___ Dataset excerpt ___

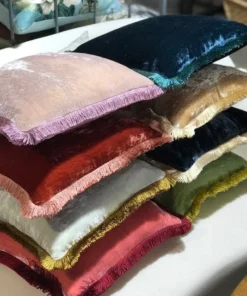 Scout House Gifts Silk Velvet Fringed Cushion In Apple Green With A Golden Trim- 40cm Square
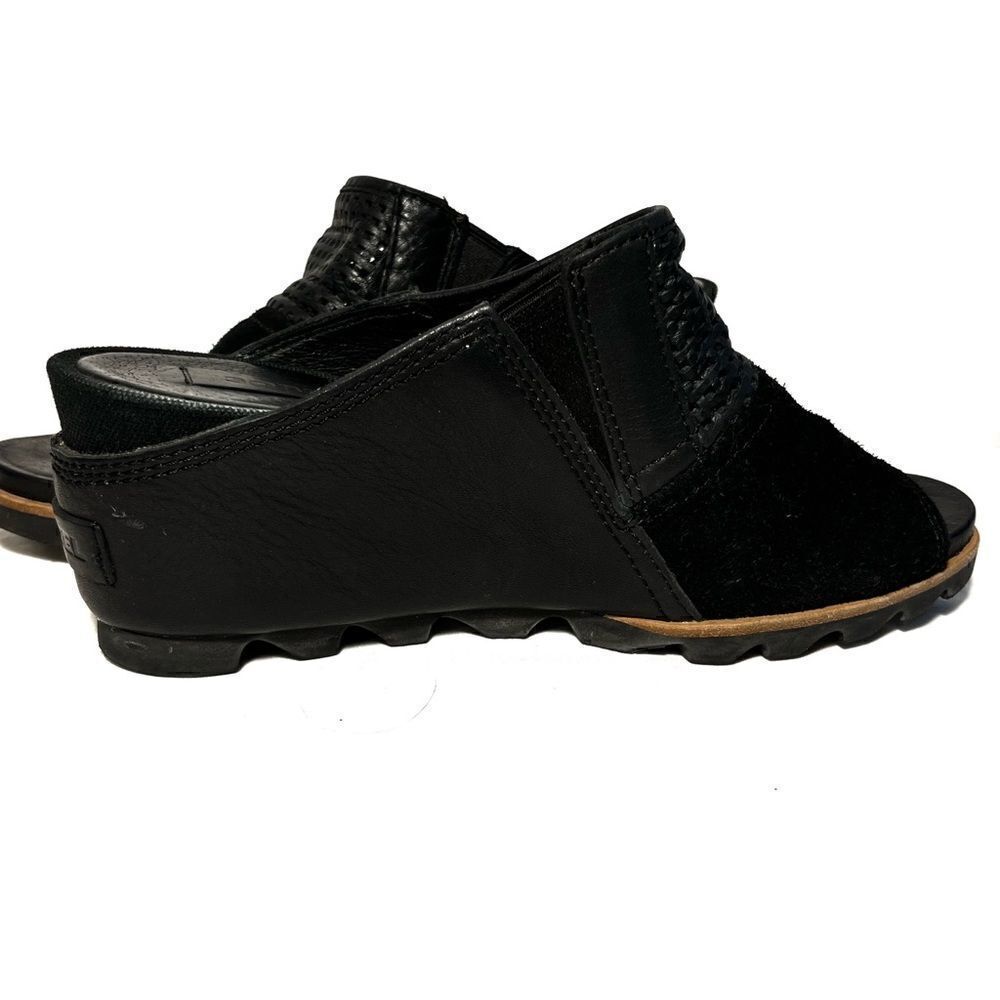 Sorel Joanie Black Suede and Laser Cut Leather Slide Mules - Picture 9 of 13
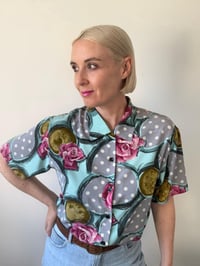 Image 4 of Vintage Short Sleeve Floral polka dot unique design shirt 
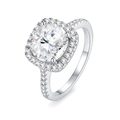 Sugar-Cube Solitaire Moissanite Ring | 925 Sterling Silver — product view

___

**Problem details**
Starting with the line that contains "Image 4 of Vintage", repeat each line exactly until the listing ends, including the last one. Leave pictures out.

**Answer to this problem**
 Image 4 of Vintage Short Sleeve Floral polka dot unique design shirt 
 Sugar-Cube Solitaire Moissanite Ring | 925 Sterling Silver — product view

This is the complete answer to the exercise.